- _Material shown_:
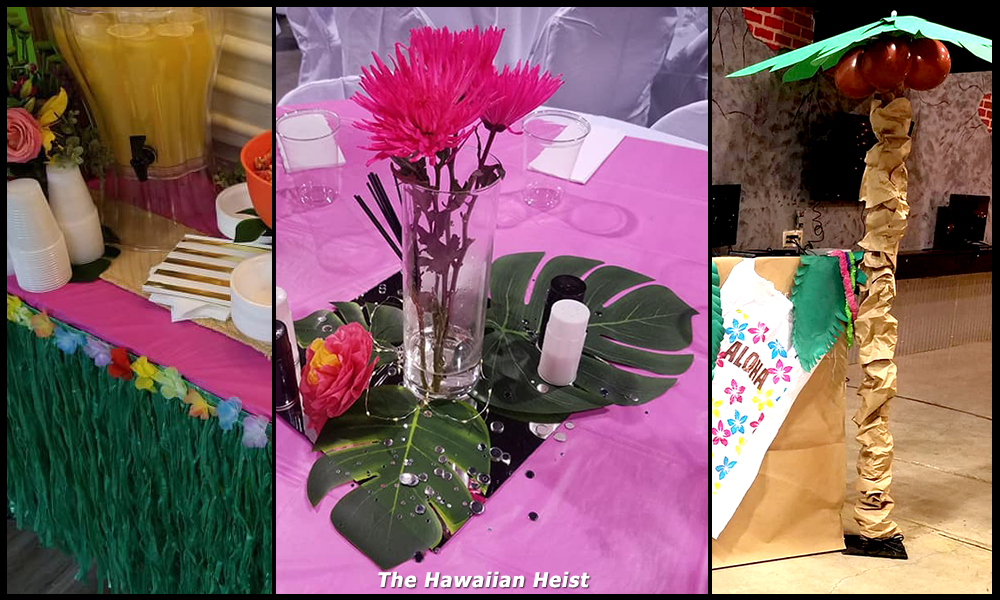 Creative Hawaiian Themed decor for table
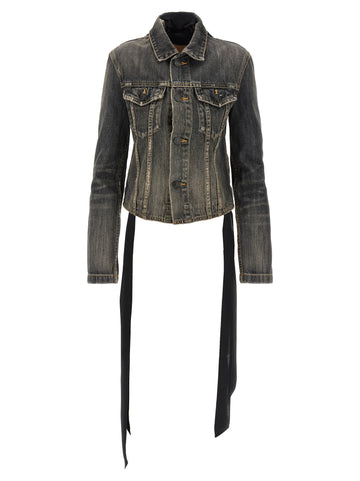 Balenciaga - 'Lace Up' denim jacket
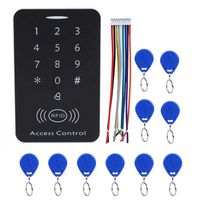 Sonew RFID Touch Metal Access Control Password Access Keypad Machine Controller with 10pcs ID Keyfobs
* * *
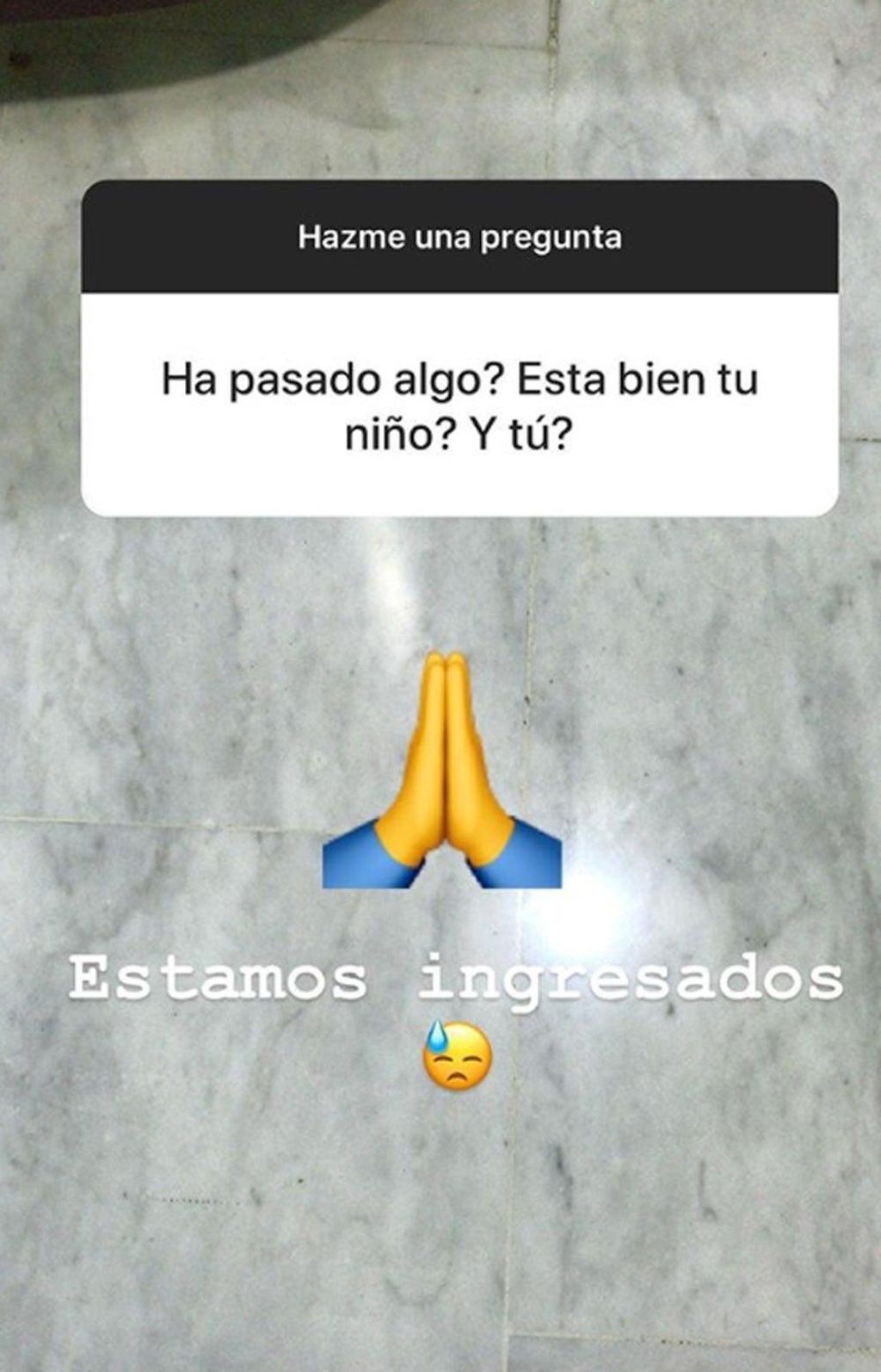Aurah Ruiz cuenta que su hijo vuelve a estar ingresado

- _Task to complete_:
For this exercise, please set down exactly the lines of the listing above from the line with "Creative Hawaiian Themed decor for table" up to and including the line with "Sonew RFID Touch", and no pictures.

- _Response for this exercise_:
 Creative Hawaiian Themed decor for table
 Balenciaga - 'Lace Up' denim jacket
 Sonew RFID Touch Metal Access Control Password Access Keypad Machine Controller with 10pcs ID Keyfobs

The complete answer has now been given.